EXERCISE OBJECTIVE
Between the line containing "Minha Lancheira, Saudosa Companheira" and the line containing "Successful transaction pixel" lies a run of lines; give that run again exactly, with both of those lines, and nothing else from the entries below.

MATERIAL PROVIDED
§

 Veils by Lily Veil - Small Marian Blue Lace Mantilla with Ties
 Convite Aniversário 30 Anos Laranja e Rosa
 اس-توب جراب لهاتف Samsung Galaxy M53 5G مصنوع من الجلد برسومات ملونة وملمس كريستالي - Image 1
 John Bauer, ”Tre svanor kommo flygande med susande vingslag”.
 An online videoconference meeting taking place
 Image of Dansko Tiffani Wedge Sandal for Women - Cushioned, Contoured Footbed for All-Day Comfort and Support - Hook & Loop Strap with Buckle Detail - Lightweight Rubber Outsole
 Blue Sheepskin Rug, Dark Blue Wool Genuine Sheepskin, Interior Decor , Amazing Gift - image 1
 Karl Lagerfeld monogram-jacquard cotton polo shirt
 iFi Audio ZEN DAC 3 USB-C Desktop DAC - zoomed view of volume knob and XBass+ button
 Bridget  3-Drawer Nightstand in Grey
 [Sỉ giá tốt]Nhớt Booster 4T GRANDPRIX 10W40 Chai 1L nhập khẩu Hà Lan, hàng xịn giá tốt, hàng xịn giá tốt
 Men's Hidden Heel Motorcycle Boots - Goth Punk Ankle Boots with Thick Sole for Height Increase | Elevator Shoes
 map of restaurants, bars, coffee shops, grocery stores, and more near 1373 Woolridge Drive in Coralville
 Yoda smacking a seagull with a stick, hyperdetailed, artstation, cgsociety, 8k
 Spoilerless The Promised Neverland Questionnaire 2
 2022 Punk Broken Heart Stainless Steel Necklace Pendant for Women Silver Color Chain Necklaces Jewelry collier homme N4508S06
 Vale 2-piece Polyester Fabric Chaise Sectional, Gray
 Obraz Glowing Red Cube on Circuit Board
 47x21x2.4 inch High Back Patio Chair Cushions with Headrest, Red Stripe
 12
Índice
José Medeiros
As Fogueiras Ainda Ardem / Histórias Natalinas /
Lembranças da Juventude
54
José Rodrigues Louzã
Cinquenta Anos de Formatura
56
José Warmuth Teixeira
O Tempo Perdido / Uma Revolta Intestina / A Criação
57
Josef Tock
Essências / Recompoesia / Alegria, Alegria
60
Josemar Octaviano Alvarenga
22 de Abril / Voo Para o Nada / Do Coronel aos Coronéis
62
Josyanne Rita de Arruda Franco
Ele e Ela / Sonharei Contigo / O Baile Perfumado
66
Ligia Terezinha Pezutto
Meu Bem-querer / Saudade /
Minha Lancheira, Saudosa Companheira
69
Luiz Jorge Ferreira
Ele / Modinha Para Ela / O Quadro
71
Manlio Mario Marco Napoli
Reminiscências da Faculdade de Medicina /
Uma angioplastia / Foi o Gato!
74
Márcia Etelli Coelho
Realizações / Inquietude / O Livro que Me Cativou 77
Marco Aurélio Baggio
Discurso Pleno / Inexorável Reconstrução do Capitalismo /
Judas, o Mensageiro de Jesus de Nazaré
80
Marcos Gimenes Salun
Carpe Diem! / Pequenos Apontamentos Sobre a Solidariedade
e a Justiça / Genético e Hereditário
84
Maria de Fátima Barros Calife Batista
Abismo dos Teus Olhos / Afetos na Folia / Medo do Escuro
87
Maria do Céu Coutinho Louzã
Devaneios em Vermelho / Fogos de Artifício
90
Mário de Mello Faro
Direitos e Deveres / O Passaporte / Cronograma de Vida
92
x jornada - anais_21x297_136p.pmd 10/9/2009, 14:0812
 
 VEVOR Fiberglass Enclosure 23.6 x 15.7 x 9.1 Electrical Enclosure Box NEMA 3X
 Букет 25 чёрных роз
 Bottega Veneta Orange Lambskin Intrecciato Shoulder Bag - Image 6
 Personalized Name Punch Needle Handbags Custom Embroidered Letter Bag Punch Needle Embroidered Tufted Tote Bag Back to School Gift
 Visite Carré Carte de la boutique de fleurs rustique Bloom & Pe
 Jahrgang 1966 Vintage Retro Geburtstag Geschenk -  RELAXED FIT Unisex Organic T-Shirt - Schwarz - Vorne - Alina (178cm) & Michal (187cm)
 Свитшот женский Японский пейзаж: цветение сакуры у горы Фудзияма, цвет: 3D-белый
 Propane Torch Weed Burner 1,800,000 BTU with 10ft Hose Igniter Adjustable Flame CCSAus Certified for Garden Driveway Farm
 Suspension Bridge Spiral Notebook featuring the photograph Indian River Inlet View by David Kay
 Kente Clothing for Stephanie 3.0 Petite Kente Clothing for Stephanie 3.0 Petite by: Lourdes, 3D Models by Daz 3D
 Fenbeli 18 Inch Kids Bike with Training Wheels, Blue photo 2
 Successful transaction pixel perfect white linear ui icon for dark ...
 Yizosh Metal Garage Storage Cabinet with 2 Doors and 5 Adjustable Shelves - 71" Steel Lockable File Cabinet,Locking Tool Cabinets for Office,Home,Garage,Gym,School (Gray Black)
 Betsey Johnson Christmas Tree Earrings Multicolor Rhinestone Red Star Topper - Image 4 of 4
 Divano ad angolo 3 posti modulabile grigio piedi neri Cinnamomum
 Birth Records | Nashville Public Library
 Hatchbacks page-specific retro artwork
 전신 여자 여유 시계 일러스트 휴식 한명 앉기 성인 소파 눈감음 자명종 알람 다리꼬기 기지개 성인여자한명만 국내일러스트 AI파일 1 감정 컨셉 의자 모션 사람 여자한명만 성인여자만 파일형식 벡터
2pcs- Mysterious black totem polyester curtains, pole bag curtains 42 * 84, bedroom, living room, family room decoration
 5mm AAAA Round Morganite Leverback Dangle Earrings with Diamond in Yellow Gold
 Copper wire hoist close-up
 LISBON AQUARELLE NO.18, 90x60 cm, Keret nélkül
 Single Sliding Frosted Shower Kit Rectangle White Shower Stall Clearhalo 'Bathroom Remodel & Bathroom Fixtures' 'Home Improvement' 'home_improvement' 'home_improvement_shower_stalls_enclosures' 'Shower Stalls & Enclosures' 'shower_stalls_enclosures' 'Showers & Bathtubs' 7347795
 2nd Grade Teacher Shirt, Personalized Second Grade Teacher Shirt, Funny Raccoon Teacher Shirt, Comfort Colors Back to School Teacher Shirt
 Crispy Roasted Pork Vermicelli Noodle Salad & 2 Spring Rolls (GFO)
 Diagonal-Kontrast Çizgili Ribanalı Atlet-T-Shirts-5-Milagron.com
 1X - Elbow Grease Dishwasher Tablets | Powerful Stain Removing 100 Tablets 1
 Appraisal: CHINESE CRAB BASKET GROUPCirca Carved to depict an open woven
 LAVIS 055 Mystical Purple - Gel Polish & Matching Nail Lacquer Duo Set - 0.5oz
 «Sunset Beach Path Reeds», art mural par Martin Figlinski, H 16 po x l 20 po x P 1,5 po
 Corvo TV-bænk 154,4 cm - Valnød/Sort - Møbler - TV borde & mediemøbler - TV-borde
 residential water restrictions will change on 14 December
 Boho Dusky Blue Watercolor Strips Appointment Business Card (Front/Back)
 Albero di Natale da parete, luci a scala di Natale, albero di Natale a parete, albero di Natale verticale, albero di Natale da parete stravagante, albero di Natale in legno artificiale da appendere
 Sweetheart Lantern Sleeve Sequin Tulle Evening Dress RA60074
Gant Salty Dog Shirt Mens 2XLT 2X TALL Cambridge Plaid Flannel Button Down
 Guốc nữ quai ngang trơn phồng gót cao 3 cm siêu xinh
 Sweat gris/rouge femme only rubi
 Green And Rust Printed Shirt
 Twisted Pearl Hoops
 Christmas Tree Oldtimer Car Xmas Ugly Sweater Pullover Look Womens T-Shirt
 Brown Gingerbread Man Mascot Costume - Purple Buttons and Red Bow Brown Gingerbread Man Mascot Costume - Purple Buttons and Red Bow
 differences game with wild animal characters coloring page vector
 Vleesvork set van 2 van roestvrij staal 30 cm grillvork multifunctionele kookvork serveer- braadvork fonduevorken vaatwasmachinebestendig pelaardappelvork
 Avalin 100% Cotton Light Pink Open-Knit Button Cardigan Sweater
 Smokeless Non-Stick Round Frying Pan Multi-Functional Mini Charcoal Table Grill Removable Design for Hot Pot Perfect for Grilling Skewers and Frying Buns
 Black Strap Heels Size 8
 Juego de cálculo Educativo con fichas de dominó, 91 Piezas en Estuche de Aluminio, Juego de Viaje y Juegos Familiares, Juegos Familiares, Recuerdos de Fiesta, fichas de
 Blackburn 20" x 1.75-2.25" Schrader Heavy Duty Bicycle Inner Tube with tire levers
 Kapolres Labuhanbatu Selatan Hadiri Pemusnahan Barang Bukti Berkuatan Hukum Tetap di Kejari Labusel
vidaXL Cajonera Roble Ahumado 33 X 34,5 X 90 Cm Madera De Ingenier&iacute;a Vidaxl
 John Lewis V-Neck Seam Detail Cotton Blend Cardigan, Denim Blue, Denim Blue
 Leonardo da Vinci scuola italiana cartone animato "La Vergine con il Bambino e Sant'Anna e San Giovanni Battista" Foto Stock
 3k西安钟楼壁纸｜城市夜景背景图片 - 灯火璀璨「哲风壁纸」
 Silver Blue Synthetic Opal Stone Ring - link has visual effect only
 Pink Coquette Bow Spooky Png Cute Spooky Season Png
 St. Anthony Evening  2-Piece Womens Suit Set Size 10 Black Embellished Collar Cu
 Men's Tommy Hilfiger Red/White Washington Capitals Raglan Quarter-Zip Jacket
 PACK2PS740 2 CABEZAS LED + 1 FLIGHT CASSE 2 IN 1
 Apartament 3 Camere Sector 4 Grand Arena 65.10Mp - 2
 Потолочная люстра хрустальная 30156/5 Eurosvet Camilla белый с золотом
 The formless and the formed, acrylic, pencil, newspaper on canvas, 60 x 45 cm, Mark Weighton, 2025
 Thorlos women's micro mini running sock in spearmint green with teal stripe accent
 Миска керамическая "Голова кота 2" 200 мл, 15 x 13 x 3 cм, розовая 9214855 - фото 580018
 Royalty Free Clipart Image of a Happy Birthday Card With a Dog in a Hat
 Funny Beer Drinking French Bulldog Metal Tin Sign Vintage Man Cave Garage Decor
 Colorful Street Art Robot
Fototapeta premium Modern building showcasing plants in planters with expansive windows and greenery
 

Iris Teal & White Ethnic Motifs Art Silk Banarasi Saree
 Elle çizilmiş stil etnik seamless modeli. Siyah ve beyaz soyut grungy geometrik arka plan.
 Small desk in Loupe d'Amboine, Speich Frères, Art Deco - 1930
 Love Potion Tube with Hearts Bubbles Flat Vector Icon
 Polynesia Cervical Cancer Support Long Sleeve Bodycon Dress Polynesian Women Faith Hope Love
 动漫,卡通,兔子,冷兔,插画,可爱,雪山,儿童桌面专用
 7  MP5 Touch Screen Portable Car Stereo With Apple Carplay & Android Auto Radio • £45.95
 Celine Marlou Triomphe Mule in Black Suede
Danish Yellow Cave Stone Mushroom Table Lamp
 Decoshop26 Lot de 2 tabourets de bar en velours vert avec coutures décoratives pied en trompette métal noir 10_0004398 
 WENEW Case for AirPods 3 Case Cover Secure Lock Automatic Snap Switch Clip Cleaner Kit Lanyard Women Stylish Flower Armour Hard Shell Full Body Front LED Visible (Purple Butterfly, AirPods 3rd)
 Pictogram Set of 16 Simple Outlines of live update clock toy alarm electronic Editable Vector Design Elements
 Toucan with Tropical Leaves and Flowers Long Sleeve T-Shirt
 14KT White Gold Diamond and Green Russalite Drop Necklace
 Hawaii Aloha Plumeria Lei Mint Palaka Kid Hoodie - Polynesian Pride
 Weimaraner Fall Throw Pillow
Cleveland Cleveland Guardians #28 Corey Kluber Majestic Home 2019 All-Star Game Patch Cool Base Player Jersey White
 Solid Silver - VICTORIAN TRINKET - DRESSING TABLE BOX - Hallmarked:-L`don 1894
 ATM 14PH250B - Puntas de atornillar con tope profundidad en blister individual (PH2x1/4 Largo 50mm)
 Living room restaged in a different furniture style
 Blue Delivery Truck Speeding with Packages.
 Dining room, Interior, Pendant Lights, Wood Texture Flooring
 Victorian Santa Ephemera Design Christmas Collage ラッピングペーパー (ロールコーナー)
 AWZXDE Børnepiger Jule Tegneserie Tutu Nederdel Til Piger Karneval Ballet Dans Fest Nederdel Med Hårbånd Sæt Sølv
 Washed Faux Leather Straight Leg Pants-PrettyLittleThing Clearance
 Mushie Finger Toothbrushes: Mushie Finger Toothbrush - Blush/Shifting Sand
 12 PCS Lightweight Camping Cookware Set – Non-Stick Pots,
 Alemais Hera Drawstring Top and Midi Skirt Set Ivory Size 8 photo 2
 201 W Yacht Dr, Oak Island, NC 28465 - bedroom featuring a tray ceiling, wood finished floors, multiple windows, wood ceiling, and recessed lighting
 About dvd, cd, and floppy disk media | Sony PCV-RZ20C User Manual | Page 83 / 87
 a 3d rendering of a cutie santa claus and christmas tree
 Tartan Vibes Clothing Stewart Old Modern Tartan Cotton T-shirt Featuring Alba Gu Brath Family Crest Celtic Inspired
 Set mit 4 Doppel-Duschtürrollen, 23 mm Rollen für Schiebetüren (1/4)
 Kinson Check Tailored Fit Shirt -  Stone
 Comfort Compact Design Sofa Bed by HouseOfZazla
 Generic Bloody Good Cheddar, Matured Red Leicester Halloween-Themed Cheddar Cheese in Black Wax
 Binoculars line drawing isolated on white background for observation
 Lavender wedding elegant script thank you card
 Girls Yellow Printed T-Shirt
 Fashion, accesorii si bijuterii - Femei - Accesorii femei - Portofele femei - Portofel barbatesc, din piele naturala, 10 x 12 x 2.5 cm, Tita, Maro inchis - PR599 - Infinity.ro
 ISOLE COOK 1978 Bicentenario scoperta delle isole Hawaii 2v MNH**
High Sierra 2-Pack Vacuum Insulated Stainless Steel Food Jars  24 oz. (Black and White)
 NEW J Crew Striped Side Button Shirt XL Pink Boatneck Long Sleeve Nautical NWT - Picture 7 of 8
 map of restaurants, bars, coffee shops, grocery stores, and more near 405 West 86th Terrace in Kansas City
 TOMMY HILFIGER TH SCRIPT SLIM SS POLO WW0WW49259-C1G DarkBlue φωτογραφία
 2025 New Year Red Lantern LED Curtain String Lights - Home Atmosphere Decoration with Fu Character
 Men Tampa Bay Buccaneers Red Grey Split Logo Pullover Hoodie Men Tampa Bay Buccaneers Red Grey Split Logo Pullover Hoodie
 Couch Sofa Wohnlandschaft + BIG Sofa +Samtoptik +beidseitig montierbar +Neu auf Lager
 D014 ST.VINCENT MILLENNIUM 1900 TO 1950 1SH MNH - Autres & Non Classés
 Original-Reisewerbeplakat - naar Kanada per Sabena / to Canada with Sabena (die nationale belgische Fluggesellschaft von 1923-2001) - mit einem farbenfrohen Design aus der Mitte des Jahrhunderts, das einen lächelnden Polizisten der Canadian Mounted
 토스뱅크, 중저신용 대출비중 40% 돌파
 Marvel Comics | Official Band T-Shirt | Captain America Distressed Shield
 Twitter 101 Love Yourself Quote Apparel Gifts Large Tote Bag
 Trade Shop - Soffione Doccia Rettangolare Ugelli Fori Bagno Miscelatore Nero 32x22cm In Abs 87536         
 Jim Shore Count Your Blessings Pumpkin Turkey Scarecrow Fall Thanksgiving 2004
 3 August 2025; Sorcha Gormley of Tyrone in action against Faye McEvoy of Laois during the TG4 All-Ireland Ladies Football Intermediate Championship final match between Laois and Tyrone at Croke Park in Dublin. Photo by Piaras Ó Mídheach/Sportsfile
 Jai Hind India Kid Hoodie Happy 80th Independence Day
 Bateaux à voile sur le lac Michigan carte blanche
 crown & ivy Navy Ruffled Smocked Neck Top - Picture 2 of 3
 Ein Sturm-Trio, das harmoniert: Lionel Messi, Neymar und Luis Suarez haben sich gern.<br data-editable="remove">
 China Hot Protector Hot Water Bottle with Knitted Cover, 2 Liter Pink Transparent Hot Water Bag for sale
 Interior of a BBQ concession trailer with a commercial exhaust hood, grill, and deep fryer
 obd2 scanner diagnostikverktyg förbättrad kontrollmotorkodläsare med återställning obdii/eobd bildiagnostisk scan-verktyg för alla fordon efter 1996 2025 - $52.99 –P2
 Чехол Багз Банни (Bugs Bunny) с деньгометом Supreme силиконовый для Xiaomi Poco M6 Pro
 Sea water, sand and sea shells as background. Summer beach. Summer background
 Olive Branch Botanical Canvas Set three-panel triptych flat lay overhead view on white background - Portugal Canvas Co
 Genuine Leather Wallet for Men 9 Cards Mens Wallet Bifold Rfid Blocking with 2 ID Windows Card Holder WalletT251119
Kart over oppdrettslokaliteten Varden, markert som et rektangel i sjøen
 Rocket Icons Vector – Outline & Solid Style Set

§

EXERCISE OUTPUT
Minha Lancheira, Saudosa Companheira
69
Luiz Jorge Ferreira
Ele / Modinha Para Ela / O Quadro
71
Manlio Mario Marco Napoli
Reminiscências da Faculdade de Medicina /
Uma angioplastia / Foi o Gato!
74
Márcia Etelli Coelho
Realizações / Inquietude / O Livro que Me Cativou 77
Marco Aurélio Baggio
Discurso Pleno / Inexorável Reconstrução do Capitalismo /
Judas, o Mensageiro de Jesus de Nazaré
80
Marcos Gimenes Salun
Carpe Diem! / Pequenos Apontamentos Sobre a Solidariedade
e a Justiça / Genético e Hereditário
84
Maria de Fátima Barros Calife Batista
Abismo dos Teus Olhos / Afetos na Folia / Medo do Escuro
87
Maria do Céu Coutinho Louzã
Devaneios em Vermelho / Fogos de Artifício
90
Mário de Mello Faro
Direitos e Deveres / O Passaporte / Cronograma de Vida
92
x jornada - anais_21x297_136p.pmd 10/9/2009, 14:0812
 
 VEVOR Fiberglass Enclosure 23.6 x 15.7 x 9.1 Electrical Enclosure Box NEMA 3X
 Букет 25 чёрных роз
 Bottega Veneta Orange Lambskin Intrecciato Shoulder Bag - Image 6
 Personalized Name Punch Needle Handbags Custom Embroidered Letter Bag Punch Needle Embroidered Tufted Tote Bag Back to School Gift
 Visite Carré Carte de la boutique de fleurs rustique Bloom & Pe
 Jahrgang 1966 Vintage Retro Geburtstag Geschenk -  RELAXED FIT Unisex Organic T-Shirt - Schwarz - Vorne - Alina (178cm) & Michal (187cm)
 Свитшот женский Японский пейзаж: цветение сакуры у горы Фудзияма, цвет: 3D-белый
 Propane Torch Weed Burner 1,800,000 BTU with 10ft Hose Igniter Adjustable Flame CCSAus Certified for Garden Driveway Farm
 Suspension Bridge Spiral Notebook featuring the photograph Indian River Inlet View by David Kay
 Kente Clothing for Stephanie 3.0 Petite Kente Clothing for Stephanie 3.0 Petite by: Lourdes, 3D Models by Daz 3D
 Fenbeli 18 Inch Kids Bike with Training Wheels, Blue photo 2
 Successful transaction pixel perfect white linear ui icon for dark ...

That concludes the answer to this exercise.